At this point, I decided to look for an insider perspective on this part of the product. Mike Stewart, an engineer on our Oracle team, came to the rescue and talked through the high-level implementation of the LogSync feature. He agreed the issue might have to do with the SSH connection doing the log removal, and he posited the removal command itself -
rm -f was hanging. With this theory, support worked with the customer to examine the host. There were a large number of these files left around, confirming that the deletion was not successful. However, there was nothing unexpected about the permissions of the files, which would have been the most obvious cause for the failed delete. We attempted a manual deletion and saw that rm asked for confirmation: are you sure you want to delete this?
This gave Mike an idea. What if the SSH connection that executed the file deletion didn’t know how to handle the rm confirmation message? He tried out this theory on a test VM and found the SSH thread did indeed hang when returned a prompt. But there was just one problem - that’s what the
rm -f (the command LogSync used) was supposed to take care of.
From rm’s man page:
-f ignore nonexistent files and arguments, never prompt
This seemed like a dead-end, unless there was some other way that a prompt was being produced disregarding the -f. After sharing this with a wider group, another engineer suggested the customer might have aliased (reassigned) the rm command to
rm -i, a configuration that might have been put in place to guard against accidental deletions.
-i prompt before every removal
Again, we worked with the customer to inspect their system and using the
alias command found that our theory was right! This meant that everytime SnapSync tried to forcibly delete a file, it actually ran
rm -i -f and got a prompt anyway. Interestingly,
rm -i -f does different things depending on which OS you’re using. On Linux,
rm -f -i gives a prompt but
rm -i -f does not. On Solaris (the OS of the customer’s host), however,
-i always negates
The short term solution for this customer was to remove the alias on their system. Support cleaned up the excess files and the SSH commands were able to start completing.
However, this bug also highlighted a number of areas for improvement in our product.
The way the SSH command execution hung on the command prompt instead of progressing or giving up.
The way connections were able to build up until running the process out of memory, rather than timing out or being cleaned up in another way.
At a high level, this issue highlighted an area where our software was susceptible to seemingly unrelated user system configuration, and breaking this dependency will make it more robust. Though we’d prefer customers to have a flawless product experience, escalations always teach us a lot. We discovered an unexpected failure condition and the design problems that led to it, and we look forward to taking these lessons forward to create a better product for everyone.

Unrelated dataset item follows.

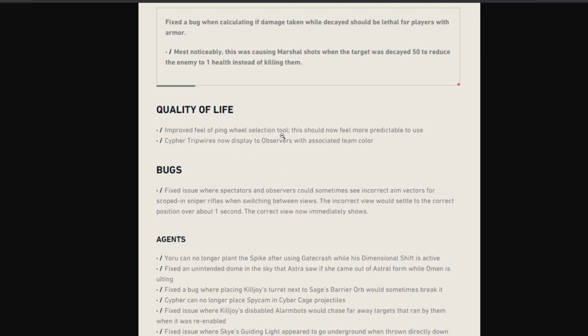Cypher trip wires will now be displayed to observers with associated team colors. So in tournaments and matches you will finally be able to distinguish between the attacker trip wires and defender trip wires, and it should be very easy now.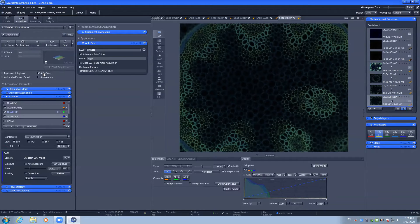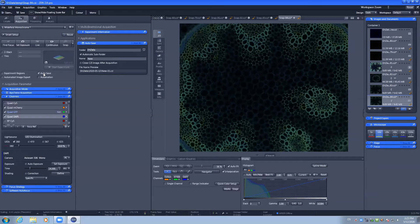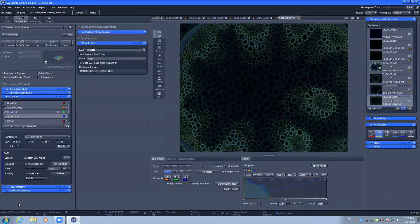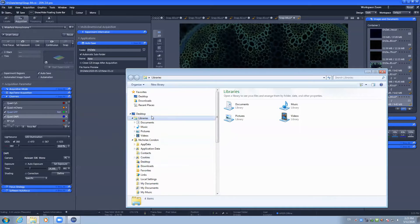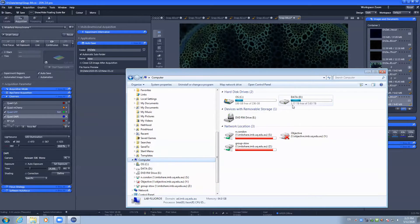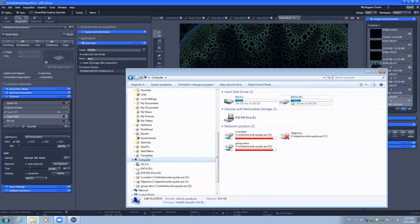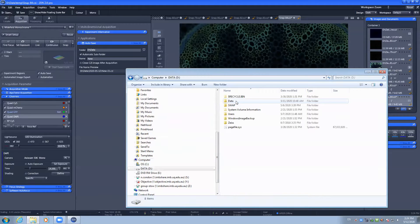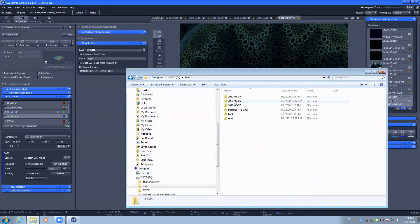Autosave will automatically save your experiment and your captures into the correct folder. For this microscope, the computer has two hard drives. Data should be stored on the data drive during your session.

Though the solution to this specific escalation wasn’t especially complex, it was well hidden. The trail started with OS memory management and I followed clues that led me through Java process management, our Oracle SnapSync functionality, SSH connections, and finally to simple shell scripting. The journey drove me to learn new tools, immerse myself in unfamiliar areas of the product, and leverage collaboration between engineers all across the organization. Most of all, it reminded me that I enjoy debugging problems like this because it pushes me out of my comfort zone. Debugging always shows me how much I’ve grown and areas that I can work on next. Plus, there’s just something so satisfying about finally tracking down the answer - it’s not everyday you see command aliasing causing native memory exhaustion.